The Concepcion Court held, with a 5-4 majority, that the FAA prevents states from imposing rules that condition the enforceability of arbitration agreements on the availability of classwide arbitration, such as California’s Discover Bank rule.2   Justice Scalia wrote for the majority that “[r]equiring the availability of classwide arbitration interferes with fundamental attributes of arbitration and thus creates a scheme inconsistent with the FAA.” 3  Following the Supreme Court’s lead, on August 11, 2011, the Eleventh Circuit4  held that, “in light of Concepcion, [a] class action waiver in . . . arbitration agreements is enforceable under the FAA.”   Thus, Concepcion means that banks may enforce mandatory arbitration provisions against class claims, and this benefit to banks, coupled with the other benefits of arbitration, could mean big savings for banks’ litigation budgets.

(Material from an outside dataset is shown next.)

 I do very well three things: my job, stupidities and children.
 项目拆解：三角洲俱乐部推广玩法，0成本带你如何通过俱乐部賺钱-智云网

Other commonly-known benefits of arbitration provisions for businesses include:


  • Arbitration allows a business to get out of the court system, which can be especially helpful in certain circumstances;
  • Sometimes it is helpful to compel arbitration in order to have the dispute resolved in a more convenient locale;
  • Arbitration may allow a business to avoid certain judges that it perceives as undesirable;
  • Sometimes, arbitration is more efficient than the court system;
  • Arbitration avoids the uncertainty associated with jury trials;
  • Arbitration is typically less expensive, less formal, more streamlined, and often has less restrictive evidentiary and procedural rules;
  • There is increased flexibility with scheduling between the parties, due to a lack of dependence on court schedules;
  • The results of arbitration are often less public and, as a consequence, often lead to a lesser ripple effect from a result;
  • The increased confidentiality that is often associated with arbitration promotes the maintenance of a business relationship between opposing parties; and
  • The case or controversy is sometimes decided by a decision-maker with knowledge and expertise in the banking industry.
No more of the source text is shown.